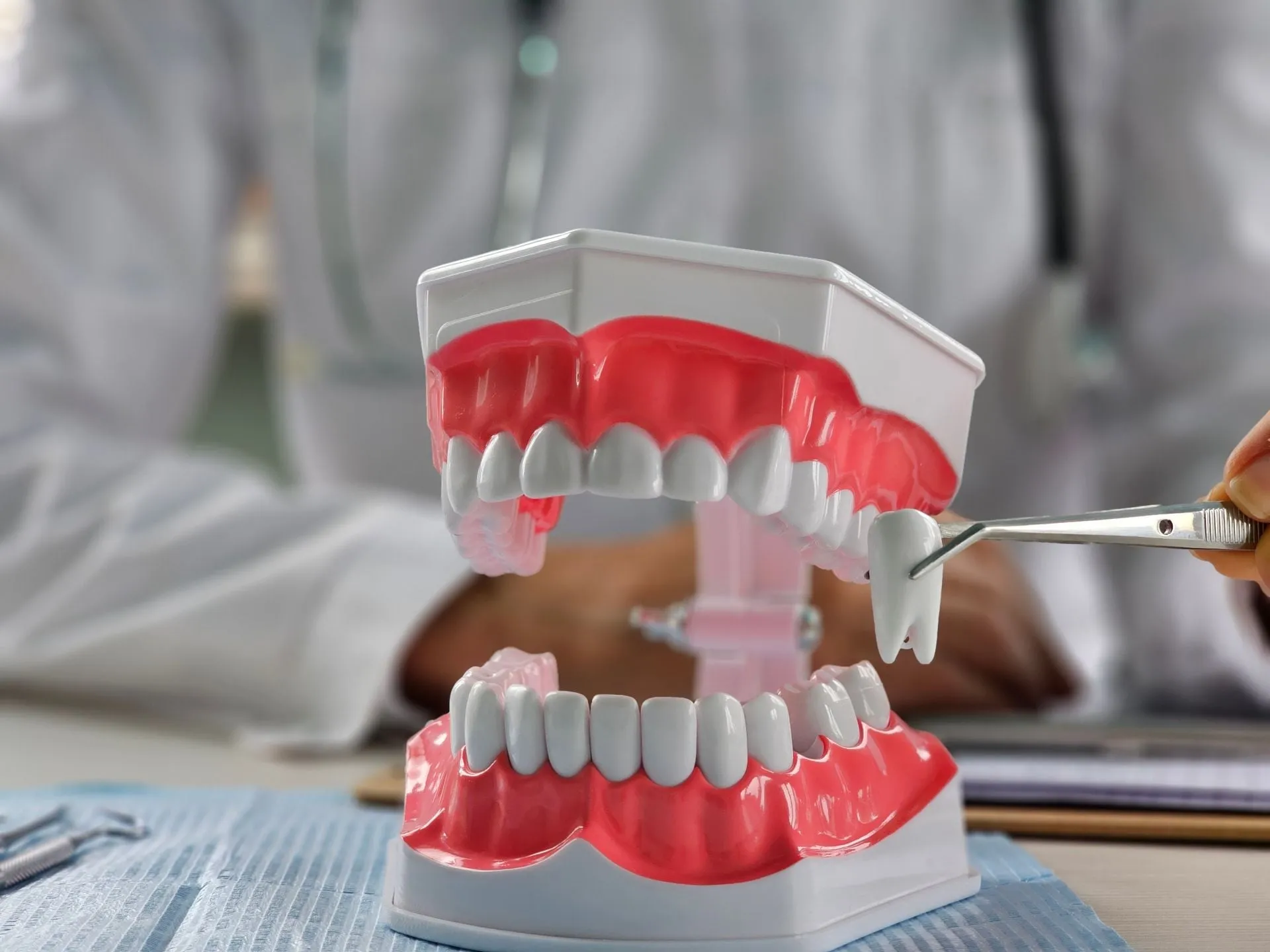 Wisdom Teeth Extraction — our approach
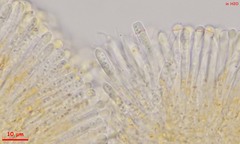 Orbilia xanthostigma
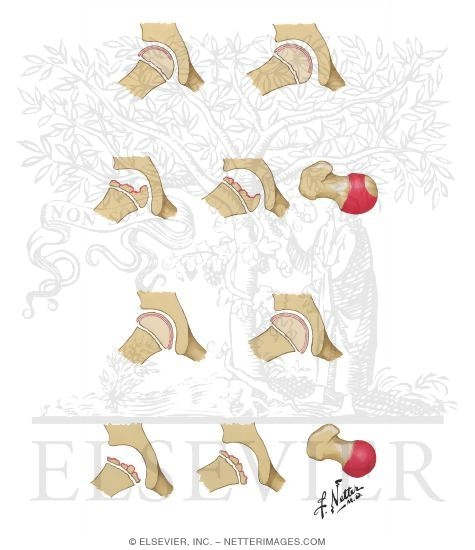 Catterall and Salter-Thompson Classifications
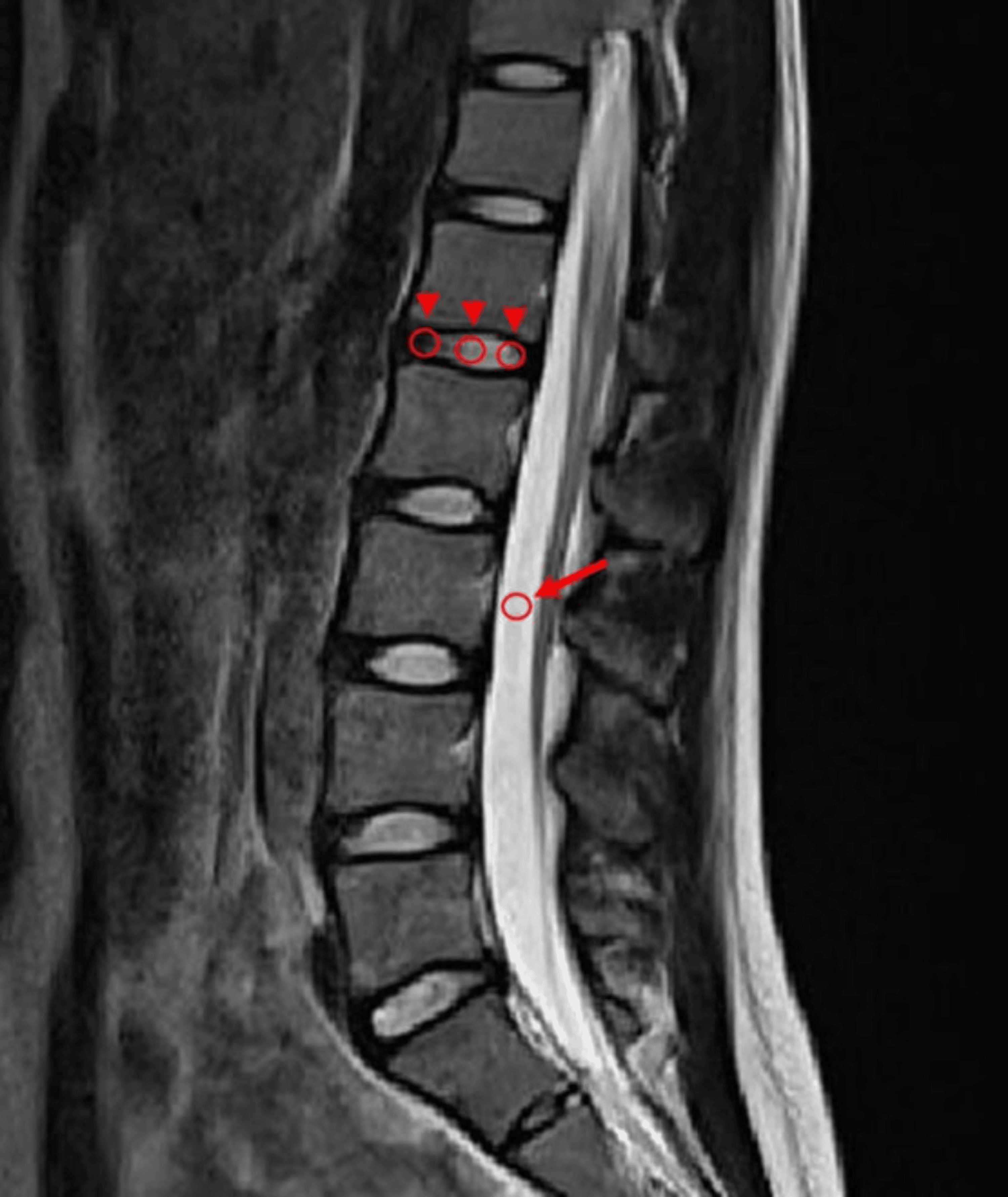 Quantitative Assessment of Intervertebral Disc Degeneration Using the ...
+ + + + +
_PROBLEM TO SOLVE_.
Set down all the material exactly once more. No pictures.

_SOLVED EXERCISE_.
 Wisdom Teeth Extraction — our approach
 Orbilia xanthostigma
 Catterall and Salter-Thompson Classifications
 Quantitative Assessment of Intervertebral Disc Degeneration Using the ...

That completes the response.